Ils abordèrent ensuite les détails de l’opération et réglèrent divers problèmes, puis Malin prit congé.

Mais Morgan, elle, s’attarda un instant. « Si vous croyez que Gaiene s’aventurerait à me draguer au cas où nous nous retrouverions sur le même vaisseau, vous faites erreur.

— Il ne s’agit pas de cela. » Pas précisément, tout du moins. D’accord, la perspective d’une Morgan et d’un Gaiene se côtoyant plusieurs jours d’affilée à bord du cargo l’avait un tantinet perturbé, mais pas pour la raison évidente que suggéraient le sex-appeal de Morgan et la lubricité de Gaiene. Tous deux savaient quand ils devaient refréner ces aspects de leur personnalité. Drakon n’aurait su dire exactement pourquoi il redoutait tant de les voir mener cette mission à bord du même bâtiment, mais il avait appris à se fier à son instinct.

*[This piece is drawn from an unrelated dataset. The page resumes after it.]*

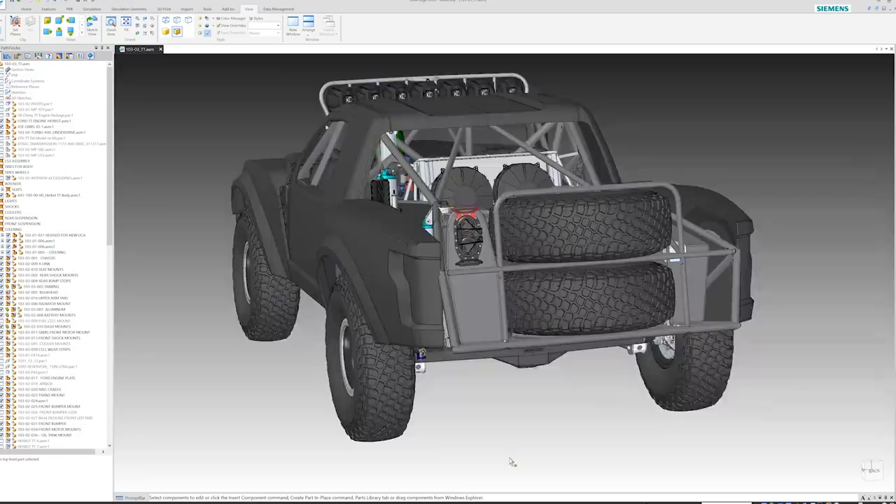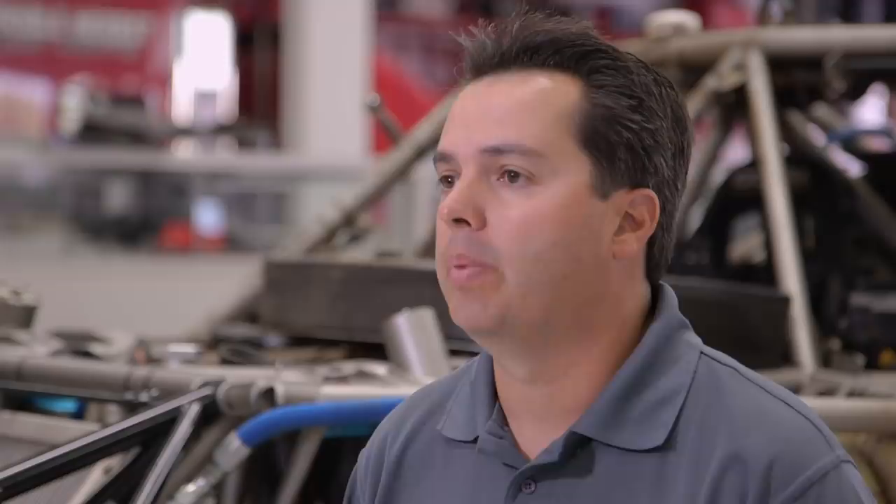Solid Edge and the digital transformation is allowing us to take all the tools that we have available to us — with CAD drawing work, CFD, technical publications — and implement all that into our trophy truck program. Especially using the new CFD tools available to us and optimizing that, which we feel with the speeds we're going now is probably going to be the biggest push and development of our motorsport.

En outre, il tenait à s’assurer qu’il serait le premier, à l’exclusion de tout autre, à s’adresser aux Libres Taroans. « Mais de ce que je veux pouvoir contacter directement la population de la principale planète habitée de Taroa. Ta conception personnelle de la diplomatie est un poil plus agressive que la mienne et risque de se traduire par le recours à davantage de puissance de feu qu’il n’est nécessaire en l’occurrence. »

Morgan le dévisagea puis sourit. « Euh… ouais. Je suis sans doute plus douée pour tout casser. D’accord, mon général.

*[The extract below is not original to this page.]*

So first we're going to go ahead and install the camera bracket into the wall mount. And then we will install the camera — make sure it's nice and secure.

— Malin et toi serez sur des vaisseaux différents. Veille à n’y rien changer. Je ne tiens pas à voir tout mon état-major regroupé sur une seule cible. »

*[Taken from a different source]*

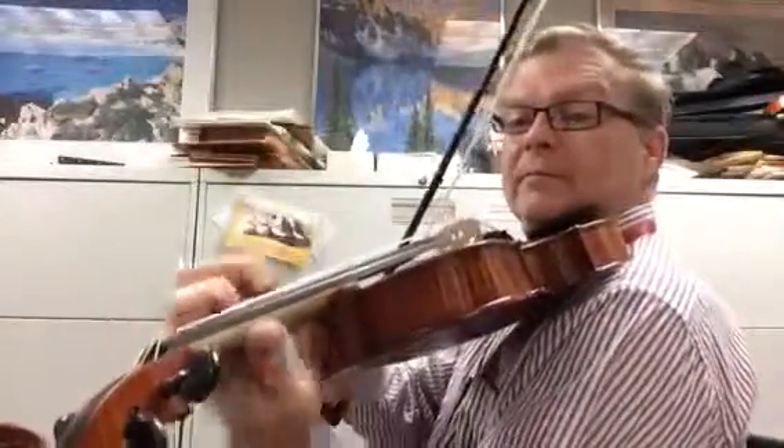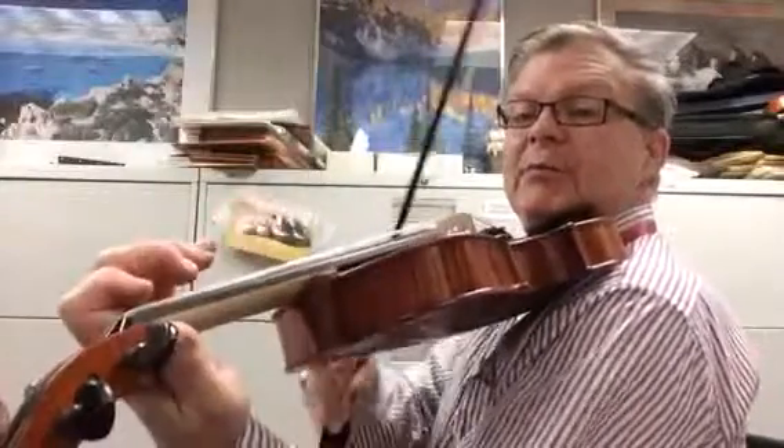Right there is a third position spot, if you haven't done that. It's kind of a landmark spot that you can come up and touch.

Le sourire de Morgan ne vacilla pas. « Ni non plus qu’il soit réduit de moitié parce que, lasse de m’appuyer Malin, je l’aurais égorgé comme un goret. Compris. Mais il y a autre chose.

— Quoi donc ?

— Le colonel Rogero. Resté seul ici avec Son Altesse royale.

— La présidente Iceni, tu veux dire ?

— Oui, mon général. » Cette fois, le sourire de Morgan s’effaça et elle s’avança d’un pas. « Nous savons que Rogero était lié aux serpents et qu’il est encore lié à l’Alliance…

— Nous avons déjà eu cette conversation.

— … alors d’où tenons-nous qu’il n’est pas aussi en cheville avec Iceni ? Qu’il ne lui divulgue pas des informations que seuls vos plus proches collaborateurs connaissent ? »

Drakon avait aussi appris à se fier au flair de Morgan, aussi pesa-t-il le pour et le contre. « Compte tenu de la formulation de ta question, je présume que tu en as la preuve.

— Je peux la dénicher.

— Et une preuve solide, Morgan. Nous ne sommes pas le SSI. Nous ne fabriquons pas des preuves pour inculper les gens. »

Elle secoua la tête, manifestement imperméable à la rebuffade. « Non, je n’en ai pas la preuve. Mais je la cherche.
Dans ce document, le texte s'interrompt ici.